A letter from sueetness
This is officially my first post - having accidentally briefly told my story on someone else's thread.
Since having reconnected with someone who is 'trying to save me' and having never in my life been religious, I find myself looking for signs. Like I want the answer to come to me, as I hear it comes to others through some event that makes them see that they NEED to accept Christ into their lives.
I do believe what happened to Jesus. I do believe that he was executed on a cross and I think it's a terrible story and one that happened to many people back in the day when humans were uncivilized savages with no minds of their own. When the ones who took power and control led Hitleresque regimes. I believe he was an amazing person who did have a mind of his own and whose dying wish was that no one should suffer as much as he.
I haven't read the bible. I have seen MANY people who claim to be Christian, doing terrible things - almost like they've been given a license to be cruel, because they will be forgiven.
I was okay where I was at, and always felt blessed in knowing that I wasn't a higher power, but in control of my own life. I had a handle on what was in my control and what wasn't and I lived with that. I felt that I was blessed with many fortunes and sometimes things were terrible, but I felt balanced in my thinking and beliefs. Then, I ended up living with a (non-practicing) Christian, alcoholic, and my life began to nose-dive almost immediately. This man went from being almost evil to being kind and loving, and back again and it became very confusing to me.

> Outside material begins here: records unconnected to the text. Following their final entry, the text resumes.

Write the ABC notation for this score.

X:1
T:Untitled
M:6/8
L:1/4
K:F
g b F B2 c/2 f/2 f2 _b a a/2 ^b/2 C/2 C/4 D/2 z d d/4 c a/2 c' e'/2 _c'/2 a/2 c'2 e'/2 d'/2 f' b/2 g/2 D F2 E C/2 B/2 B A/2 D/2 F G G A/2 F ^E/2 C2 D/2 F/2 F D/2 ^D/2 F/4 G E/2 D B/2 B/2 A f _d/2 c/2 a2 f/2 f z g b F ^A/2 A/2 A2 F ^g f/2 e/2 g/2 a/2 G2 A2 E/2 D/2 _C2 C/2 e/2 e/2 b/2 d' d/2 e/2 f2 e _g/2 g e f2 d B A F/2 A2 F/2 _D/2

Now fast forward many years to meeting up with an old friend, who has since become a reverend and him 'praying for me' to repent my sins and become one with Jesus and God. So while my life has become pretty miserable, and I've lost that equilibrium I once had, you might see how I'm really vacillating. I'm feeling a pull from what seems like the lifeboat to save me versus living this disrupted life. YET - I was plugging my way through, comfortable in my own personal beliefs, until I got into this situation.

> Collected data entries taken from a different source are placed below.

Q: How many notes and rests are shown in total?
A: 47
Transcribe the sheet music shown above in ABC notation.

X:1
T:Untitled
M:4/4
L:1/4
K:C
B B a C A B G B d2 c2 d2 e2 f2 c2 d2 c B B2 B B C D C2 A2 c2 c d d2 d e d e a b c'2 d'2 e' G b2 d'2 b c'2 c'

Am I this sinner who needs to be saved? Or am I this normal person, trying to lead a good life, but getting caught up in a bad situation? I've never been perfect, but I don't know anyone who has.

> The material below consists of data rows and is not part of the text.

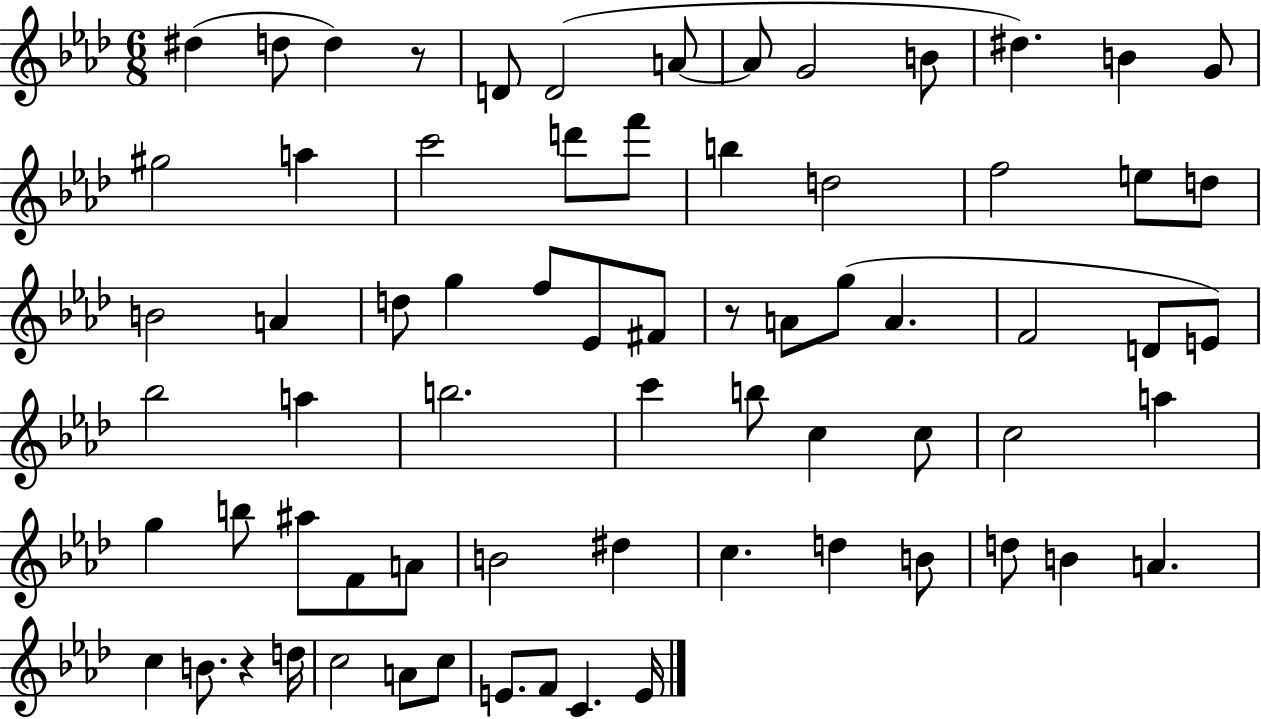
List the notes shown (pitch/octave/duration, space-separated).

D#5/q D5/e D5/q R/e D4/e D4/h A4/e A4/e G4/h B4/e D#5/q. B4/q G4/e G#5/h A5/q C6/h D6/e F6/e B5/q D5/h F5/h E5/e D5/e B4/h A4/q D5/e G5/q F5/e Eb4/e F#4/e R/e A4/e G5/e A4/q. F4/h D4/e E4/e Bb5/h A5/q B5/h. C6/q B5/e C5/q C5/e C5/h A5/q G5/q B5/e A#5/e F4/e A4/e B4/h D#5/q C5/q. D5/q B4/e D5/e B4/q A4/q. C5/q B4/e. R/q D5/s C5/h A4/e C5/e E4/e. F4/e C4/q. E4/s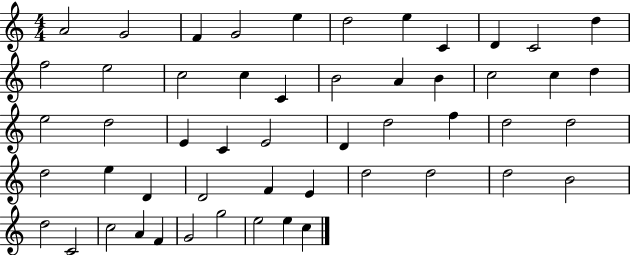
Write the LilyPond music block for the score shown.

{
  \clef treble
  \numericTimeSignature
  \time 4/4
  \key c \major
  a'2 g'2 | f'4 g'2 e''4 | d''2 e''4 c'4 | d'4 c'2 d''4 | \break f''2 e''2 | c''2 c''4 c'4 | b'2 a'4 b'4 | c''2 c''4 d''4 | \break e''2 d''2 | e'4 c'4 e'2 | d'4 d''2 f''4 | d''2 d''2 | \break d''2 e''4 d'4 | d'2 f'4 e'4 | d''2 d''2 | d''2 b'2 | \break d''2 c'2 | c''2 a'4 f'4 | g'2 g''2 | e''2 e''4 c''4 | \break \bar "|."
}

Even though I've made the decision and told the reverend that I have chosen not to 'be saved', I've still got that nagging feeling that the reverend has now given up on me as I have chosen to live my life as a sinner. I never thought of myself that way before. I've made some terrible mistakes and choices, but haven't we all? Isn't that part of just having to find our way in this world? How is it that some people say they've been given this insight into the world beyond, and we're supposed to believe that - sight unseen?
Sorry if this sounds disjointed. Any thoughts on this would be most appreciated.